State v. Lucius
2019 Ohio 741
Ohio Ct. App.2019Background
- Defendant Scott J. Lucius adopted five children (two foster-adopted, three great-nieces/nephew). Allegations of physical abuse arose after children disclosed incidents.
- Superseding indictment charged multiple counts against Lucius (felonious assault and multiple endangering-children counts); plea agreement reduced charges.
- Lucius pled guilty to one third-degree Endangering Children count (relating to S.L.) and one amended fourth-degree Attempted Endangering Children count (relating to L.L.) and consented to permanent custody transfer of all five children.
- At sentencing the court viewed photographic evidence of severe injuries to a seven‑year‑old and a three‑year‑old; Lucius urged mitigation (age, health, remorse, minimal prior record) and sought leniency.
- The trial court imposed maximum terms for each conviction (36 months and 18 months) to run consecutively (54 months total), finding consecutive sentences necessary to punish/protect the public and noting community-control status and prior criminal history.
- Lucius appealed, arguing (1) the record did not support consecutive sentences under R.C. 2929.14(C)(4), and (2) the aggregate sentence was cruel and unusual (Eighth Amendment). The appellate court affirmed.
Issues
| Issue | Plaintiff's Argument (State) | Defendant's Argument (Lucius) | Held |
|---|---|---|---|
| Whether the trial court properly imposed consecutive sentences under R.C. 2929.14(C)(4) | Court: consecutive sentences are permissible where necessary to punish/protect and one statutory factor applies; findings supported by record | Lucius: court failed to properly consider/weight mitigating factors and record does not support consecutive terms | Affirmed — trial court made required findings on record and in entry; those findings are supported by the sentencing record |
| Whether the aggregate 54‑month sentence violates the Eighth Amendment (cruel and unusual) | State: sentence falls within statutory range and is not grossly disproportionate given the severe injuries to young children | Lucius: sentence is grossly disproportionate; probation would have been appropriate for third/fourth degree felonies | Affirmed — no showing the sentence shocks the community’s sense of justice; sentence is within statutory limits and supported by facts |
Key Cases Cited
- Weems v. United States, 217 U.S. 349 (1910) (Eighth Amendment requires proportionality in punishment)
- Cross v. Ledford, 161 Ohio St. 469 (1954) (definition of clear and convincing evidence)
- McDougle v.

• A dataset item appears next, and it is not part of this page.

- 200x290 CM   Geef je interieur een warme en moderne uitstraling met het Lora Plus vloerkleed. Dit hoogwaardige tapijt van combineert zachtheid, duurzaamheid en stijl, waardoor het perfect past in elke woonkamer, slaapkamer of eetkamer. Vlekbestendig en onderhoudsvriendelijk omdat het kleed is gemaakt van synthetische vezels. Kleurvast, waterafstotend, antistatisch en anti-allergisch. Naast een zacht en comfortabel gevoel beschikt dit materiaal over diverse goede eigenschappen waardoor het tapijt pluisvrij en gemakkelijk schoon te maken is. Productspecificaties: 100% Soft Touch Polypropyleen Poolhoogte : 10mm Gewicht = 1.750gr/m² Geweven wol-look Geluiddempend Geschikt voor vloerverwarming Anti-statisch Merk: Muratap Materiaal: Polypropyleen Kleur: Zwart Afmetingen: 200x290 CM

Maxwell, 1 Ohio St.2d 68 (1965) (penalty must not shock the sense of justice to violate Eighth Amendment)
- Cooey v. State, 46 Ohio St.3d 20 (1989) (sentencing court may consider dismissed or reduced charges pursuant to plea agreement)
- Bonnell v. Ohio, 140 Ohio St.3d 209 (2014) (trial court must make required statutory findings for consecutive sentences and incorporate them into the record)
- Marcum v. Ohio, 146 Ohio St.3d 516 (2016) (standard for appellate review of felony sentences)
- State v. Anderson, 151 Ohio St.3d 212 (2017) (Eighth Amendment proportionality framework in Ohio)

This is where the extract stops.